开发者

ICD-9 Code List in XML, CSV, or Database format [closed]

Closed. This question does not meet Stack Overflow guidelines. It is not currently accepting answers.

We don’t allow questions seeking recommendations for books, tools, software libraries, and more. You can edit the question so it can be answered with facts and citations.

开发者_高级运维

Closed 8 years ago.

Improve this question

I am looking for a complete list of ICD-9 Codes (Medical Codes) for Diseases and Procedures in a format that can be imported into a database and referenced programmatically. My question is basically exactly the same as Looking for resources for ICD-9 codes, but the original poster neglected to mention where exactly he "got ahold of" his complete list.

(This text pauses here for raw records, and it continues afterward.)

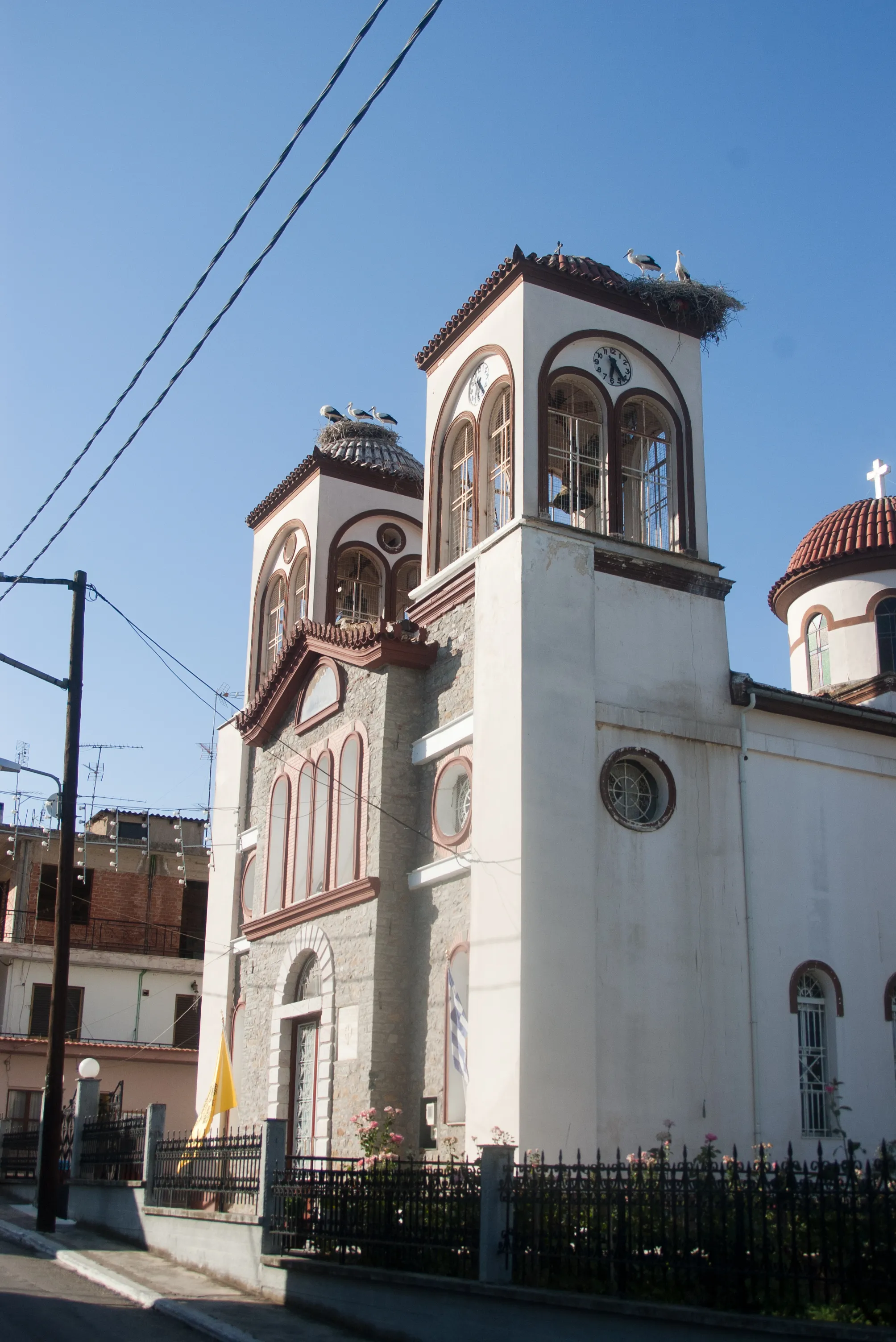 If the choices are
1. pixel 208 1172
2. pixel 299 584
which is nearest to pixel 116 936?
pixel 299 584

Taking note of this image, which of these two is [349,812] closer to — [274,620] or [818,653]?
[274,620]

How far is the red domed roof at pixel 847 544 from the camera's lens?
24828 mm

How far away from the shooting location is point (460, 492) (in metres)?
20.2

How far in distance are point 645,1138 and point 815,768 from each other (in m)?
5.69

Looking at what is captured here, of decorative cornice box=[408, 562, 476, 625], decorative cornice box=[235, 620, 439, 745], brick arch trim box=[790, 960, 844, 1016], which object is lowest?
brick arch trim box=[790, 960, 844, 1016]

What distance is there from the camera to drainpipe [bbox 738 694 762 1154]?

Google is definitely not my friend here as I have spent many hours googling the problem and have found many rich text type lists (such as the CDC) or websites where I can drill down to the complete list interactively, but I cannot find where to get the list that would populate these websites and can be parsed into a Database. I believe the files here ftp://ftp.cdc.gov/pub/Health_Statistics/NCHS/Publications/ICD9-CM/2009/ have what I am looking for but the files are rich text format and contain a lot of garbage and formatting that would be difficult to remove accurately.

I know this has to have been done by others and I am trying to avoid duplicating other peoples effort but I just cannot find an xml/CSV/Excel list.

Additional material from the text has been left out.